I have been noticing a lot of things through out the forums. I am seeing a lot of people telling people to replace there Agonisers with Venom Blades. I understand the point difference. Overall, I would say the Venom Blades work better in many more situations than Agonisers. I am wondering two things. Do you agree with this assessment or is it more about which units you are using?


----------



## KingOfCheese (Jan 4, 2010)

DrinCalhar said:


> I have been noticing a lot of things through out the forums. I am seeing a lot of people telling people to replace there Agonisers with Venom Blades. I understand the point difference. Overall, I would say the Venom Blades work better in many more situations than Agonisers. I am wondering two things.
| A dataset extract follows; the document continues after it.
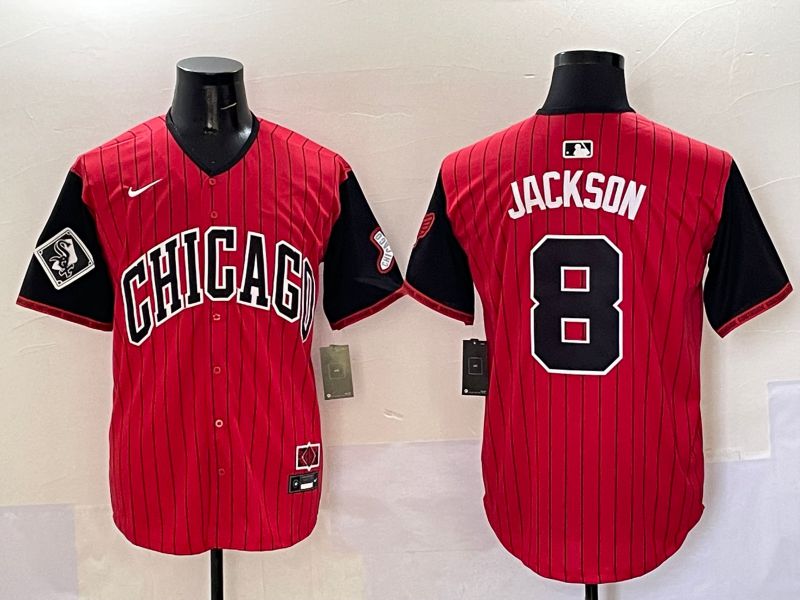 Men Chicago White Sox #8 Jackson Red Stripe Joint Name Nike 2025 MLB Jersey style 8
Do you agree with this assessment or is it more about which units you are using?


Depends what it is on.

On something like a Archon, i would rather spend the points on an Agonizer.
On something like a Hekatrix, i think i would rather go with a Venom Blade.
Sure, it doesn't ignore armour saves, but your getting almost double the number of wounds, plus its only 1/4 of the price.


----------



## Stella Cadente (Dec 25, 2006)

unit leaders, venom blade, its so cheap its hard to pass up, agonisers I'd only use on characters, since the higher number of attacks and no armour save makes up for the weakened poison effect.


----------



## Sethis (Jun 4, 2009)

Number of wounds on the assault, against Guard, Orks, Marines and Terminators respectively:

*Sybarite:*

1.72 - 1.11 - 0.55 - 0.27 - Venom Blade
1.33 - 1.00 - 1.00 - 0.66 - Agoniser

*Archon:*

2.59 - 2.77 - 1.11 - 0.55 - Venom Blade
2.00 - 2.00 - 2.00 - 1.33 - Agoniser

In an all comers list, I'll take the weapon that is *more* effective against two of the common army types while being a quarter of the price. It is also slightly better than half as good against MEQs, so point for point, the Venom Blade is twice as good as its cost should indicate.

Basically, unless I *know* that the character is going to be fighting Terminators, I'll use a Venom Blade and spend the 15 points I saved elsewhere.


----------



## DrinCalhar (Jul 10, 2010)

As always Sethis you produce the numbers and prove your point.


----------



## clever handle (Dec 14, 2009)

Further to Sethis' points above on the difference between the Agonizer & the venom blade assuming an Archon hitting on 3's with (6) attacks on the charge

Against anything with an armor save value of 5+ 6+ or no save at all, the venom blade outperforms the agonizer (93.8% / 97.6% / 99.2% to inflict 1+ wounds respectively against 91.2% with the agonizer)

An interesting note is that the venom blade actually outperforms against power armor with a 3+ or 4+ invulnerable save (chaplains, captains & veterans).


----------



## Sethis (Jun 4, 2009)

clever handle said:


> An interesting note is that the venom blade actually outperforms against power armor with a 3+ or 4+ invulnerable save (chaplains, captains & veterans).


Good point that I missed in my tactica, thanks!


----------